> WHAT THE TASK REQUIRES
The response should be an exact copy of the records, with the pictures removed.

Pictures with short captions
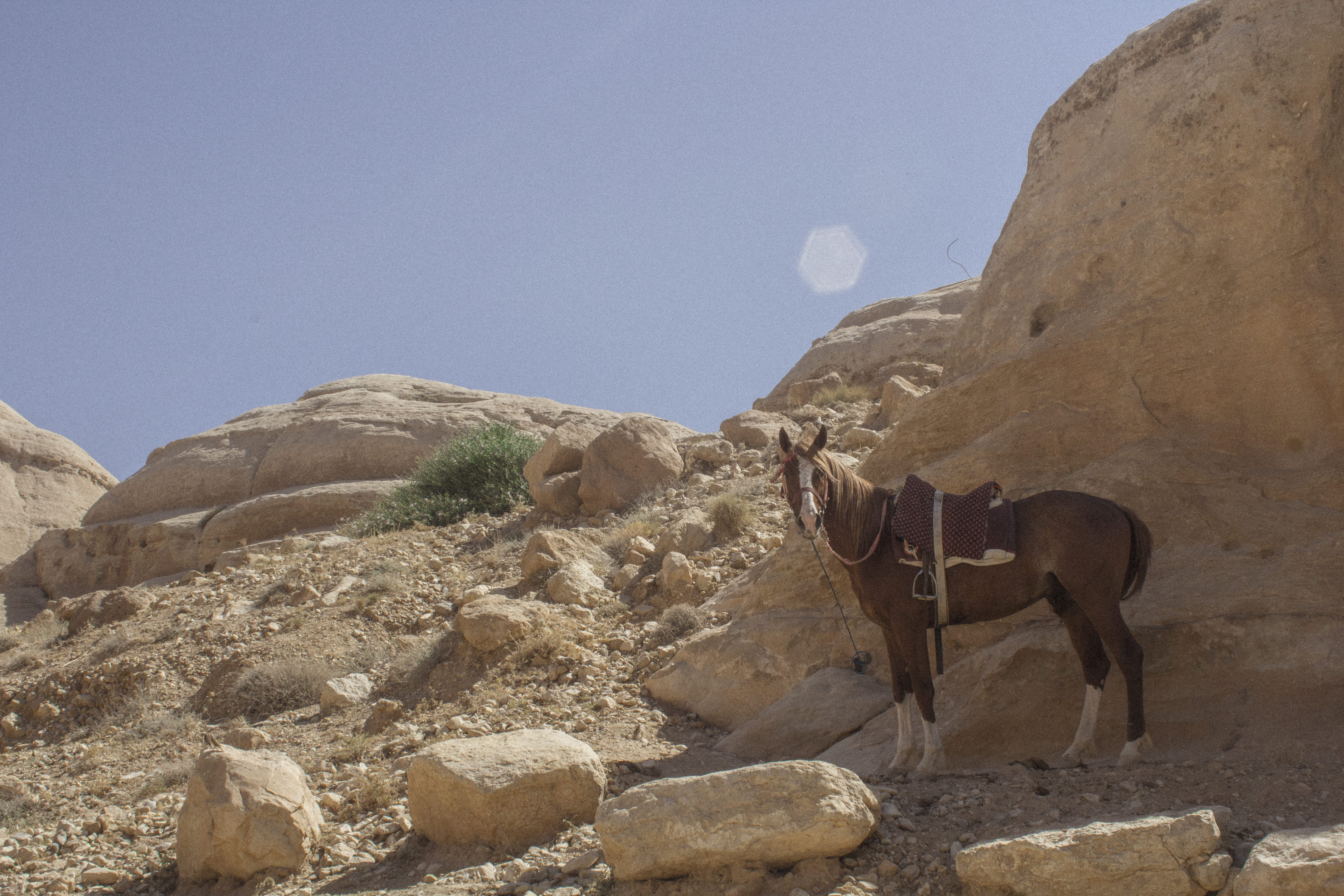 one animal, horse, mammal, outdoors, animal themes, herbivorous, mountain, wadi musa, livestock, day, pets, 5K, vertebrate, rock - object, animal, rock, HD Wallpaper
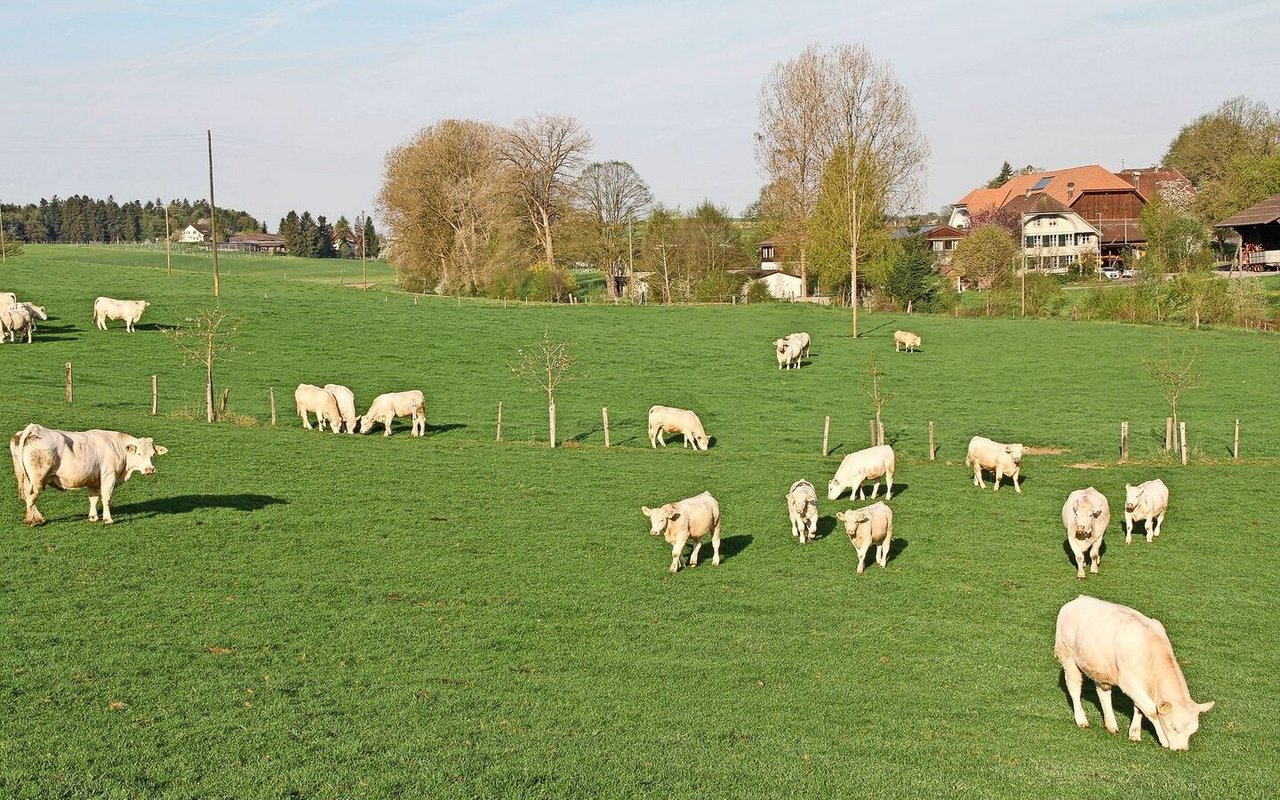 Mutterkühe und ihre Kälber sind auf der Weide.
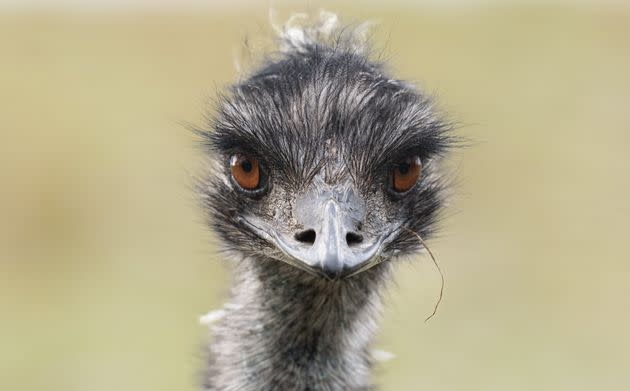 Emus are large flightless birds native to Australia. They are related to ostriches, but a bit smaller. (Photo: corinnamueller / 500px via Getty Images)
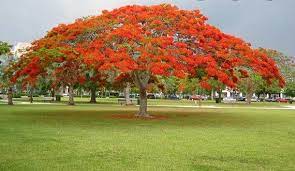 10 Red Royal Poinciana Delonix Regia Flamboyant Tree Flame Tree Seeds In 2021 Florida Trees Royal Poinciana Delonix Regia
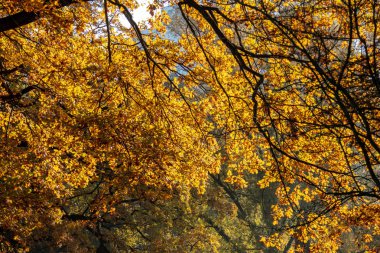 Leipzig, Sakson merkezindeki bir parkın sonbahar manzarası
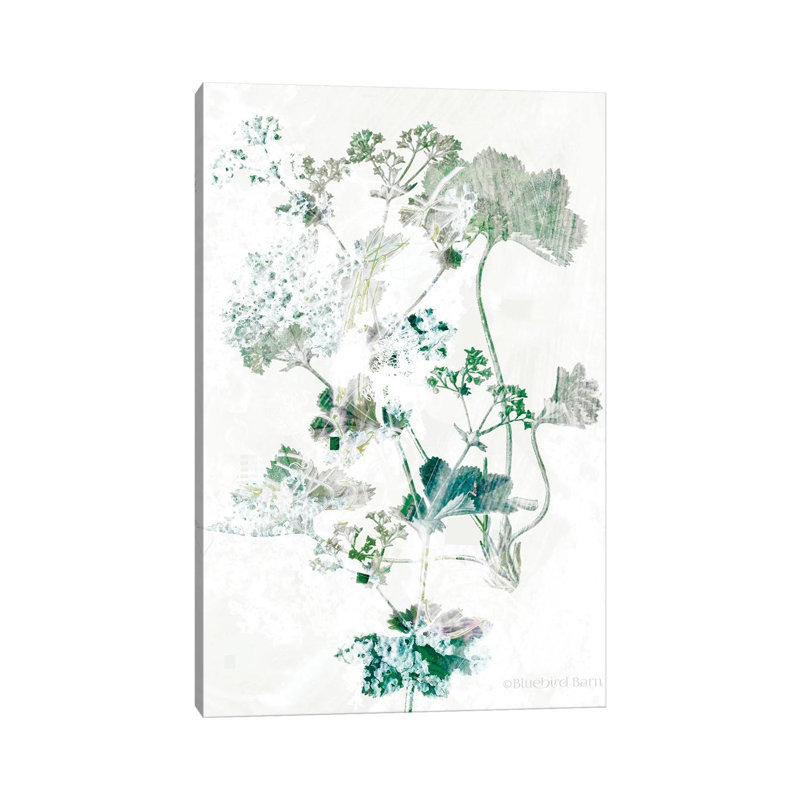 Geranium Botanical by Bluebird Barn - Wrapped Canvas Painting, 66.04 cm H x 45.72 cm W x 1.91 cm D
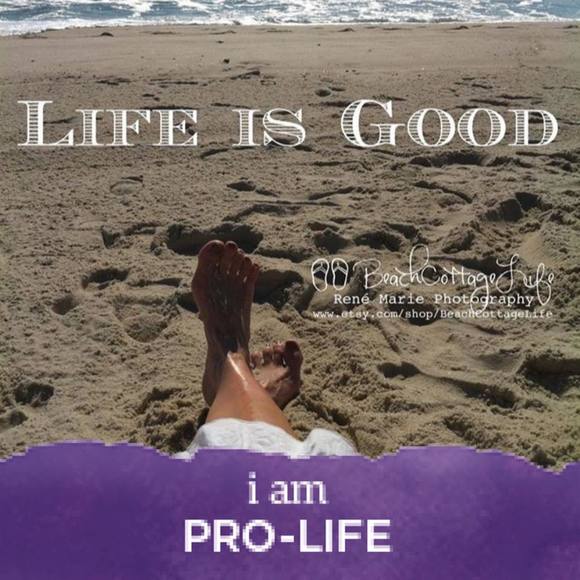 Meet your Posher, Rene - Picture 1 of 1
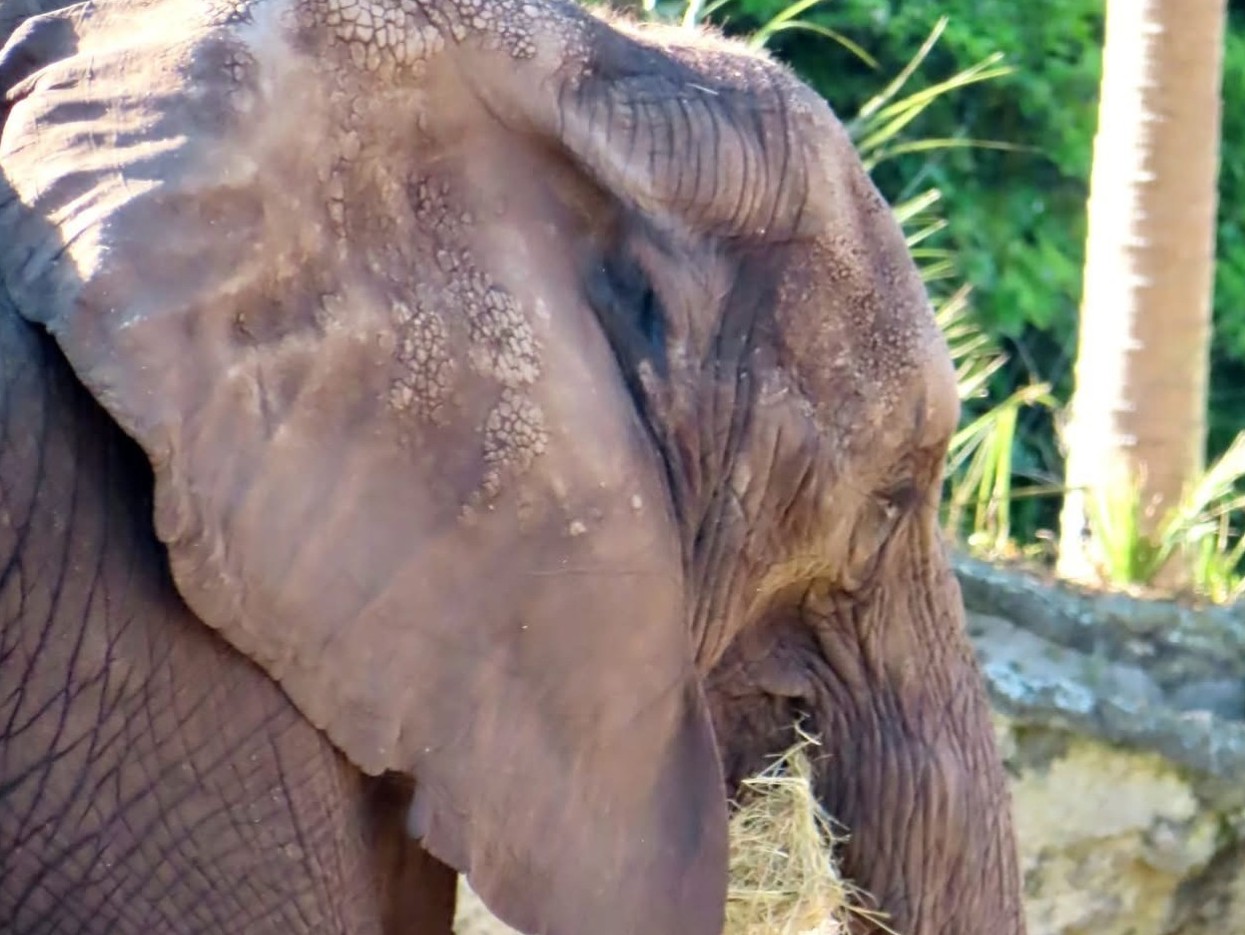 Elephants
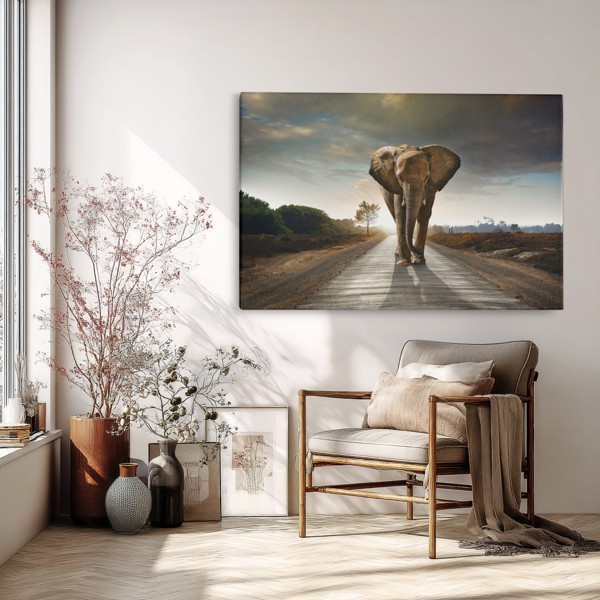 Olifant Mind Road Canvas Print - aan de muur in een interieur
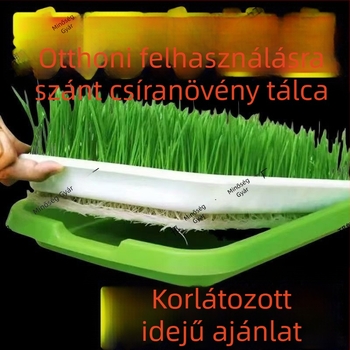 Palántaedény, PVC, álló kialakítás, hidroponikus háló a zöldborsó és a babcsíra termesztéséhez, otthoni kerthez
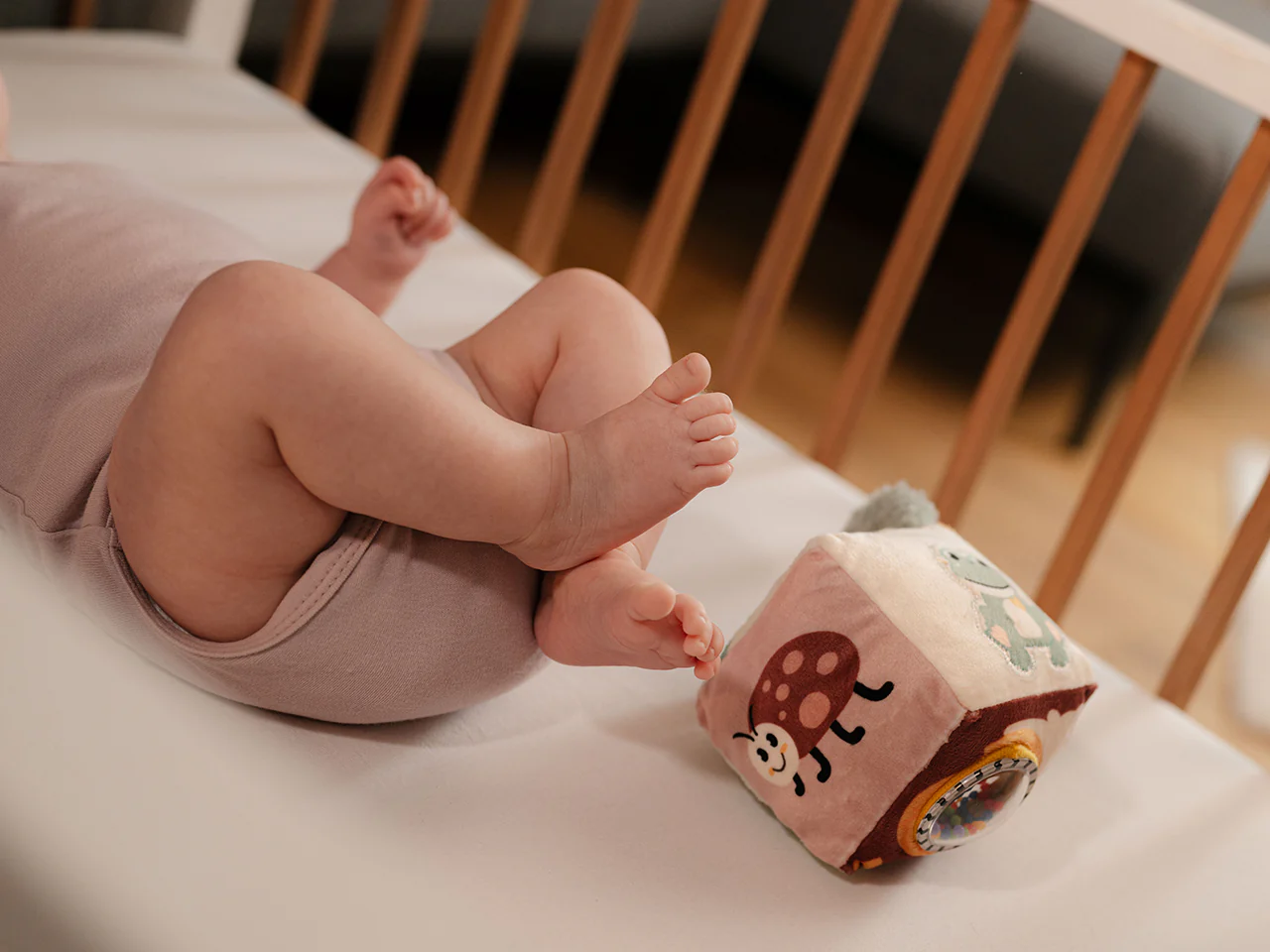 Dreambaby – Projet ERP Odoo réalisé par Eezee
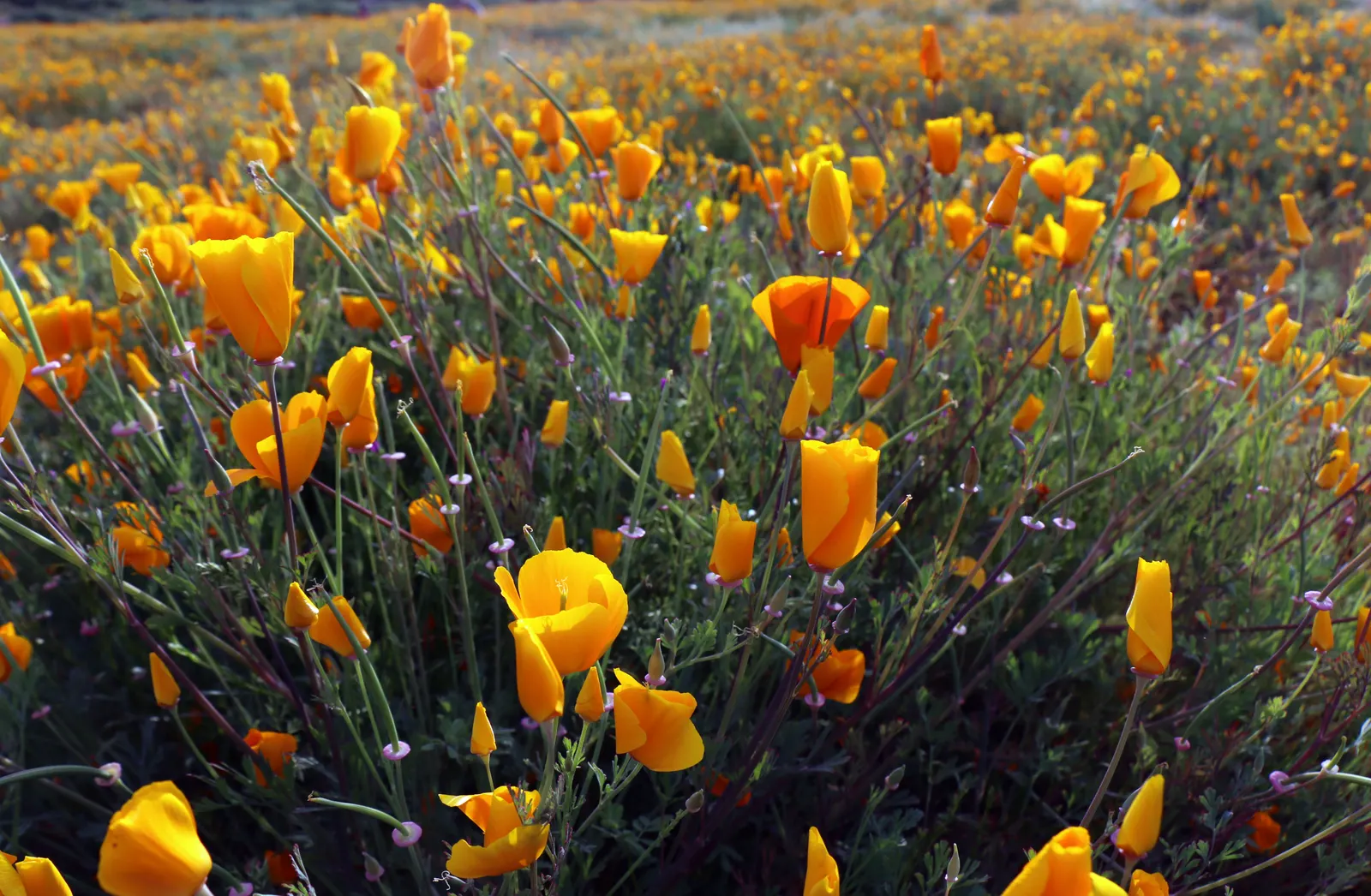 Mexican Gold Poppy (Eschscholzia Mexicana) — and serve as a food source for desert fauna; contributing to the local ecosystem, image 192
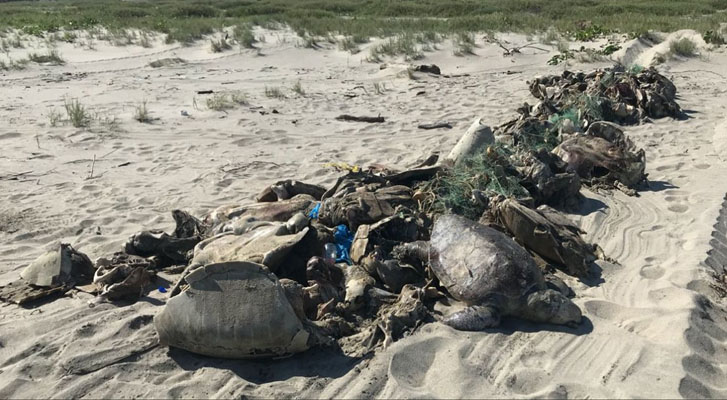 Al menos 500 tortugas golfinas fueron encontradas muertas atrapadas en una red en Oaxaca (Video)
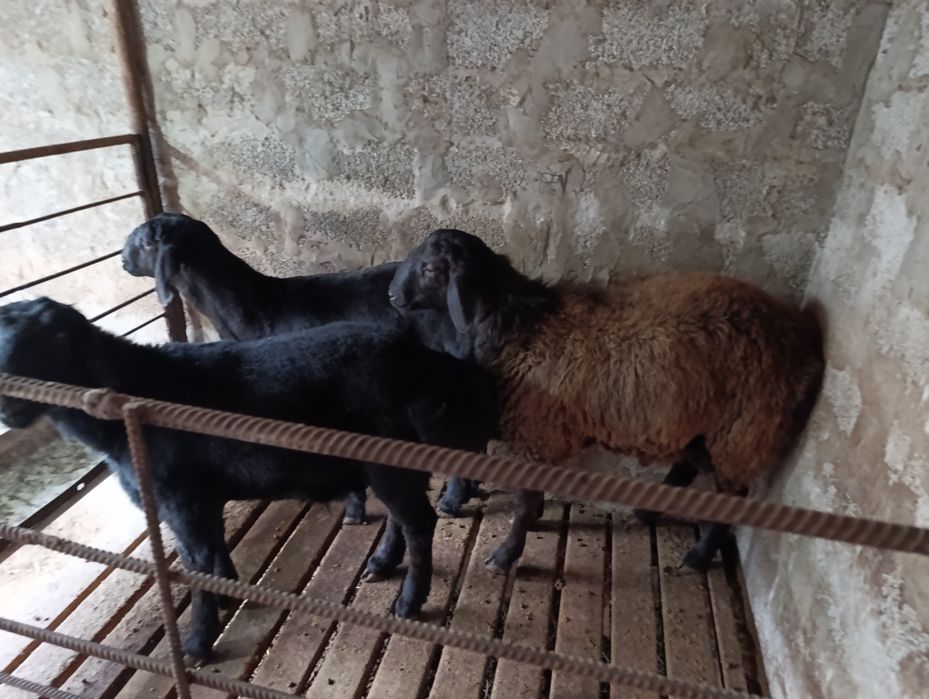 Козы кошкарлар сатылады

> EXERCISE RESULT
 one animal, horse, mammal, outdoors, animal themes, herbivorous, mountain, wadi musa, livestock, day, pets, 5K, vertebrate, rock - object, animal, rock, HD Wallpaper
 Mutterkühe und ihre Kälber sind auf der Weide.
 Emus are large flightless birds native to Australia. They are related to ostriches, but a bit smaller. (Photo: corinnamueller / 500px via Getty Images)
 10 Red Royal Poinciana Delonix Regia Flamboyant Tree Flame Tree Seeds In 2021 Florida Trees Royal Poinciana Delonix Regia
 Leipzig, Sakson merkezindeki bir parkın sonbahar manzarası
 Geranium Botanical by Bluebird Barn - Wrapped Canvas Painting, 66.04 cm H x 45.72 cm W x 1.91 cm D
 Meet your Posher, Rene - Picture 1 of 1
 Elephants
 Olifant Mind Road Canvas Print - aan de muur in een interieur
 Palántaedény, PVC, álló kialakítás, hidroponikus háló a zöldborsó és a babcsíra termesztéséhez, otthoni kerthez
 Dreambaby – Projet ERP Odoo réalisé par Eezee
 Mexican Gold Poppy (Eschscholzia Mexicana) — and serve as a food source for desert fauna; contributing to the local ecosystem, image 192
 Al menos 500 tortugas golfinas fueron encontradas muertas atrapadas en una red en Oaxaca (Video)
 Козы кошкарлар сатылады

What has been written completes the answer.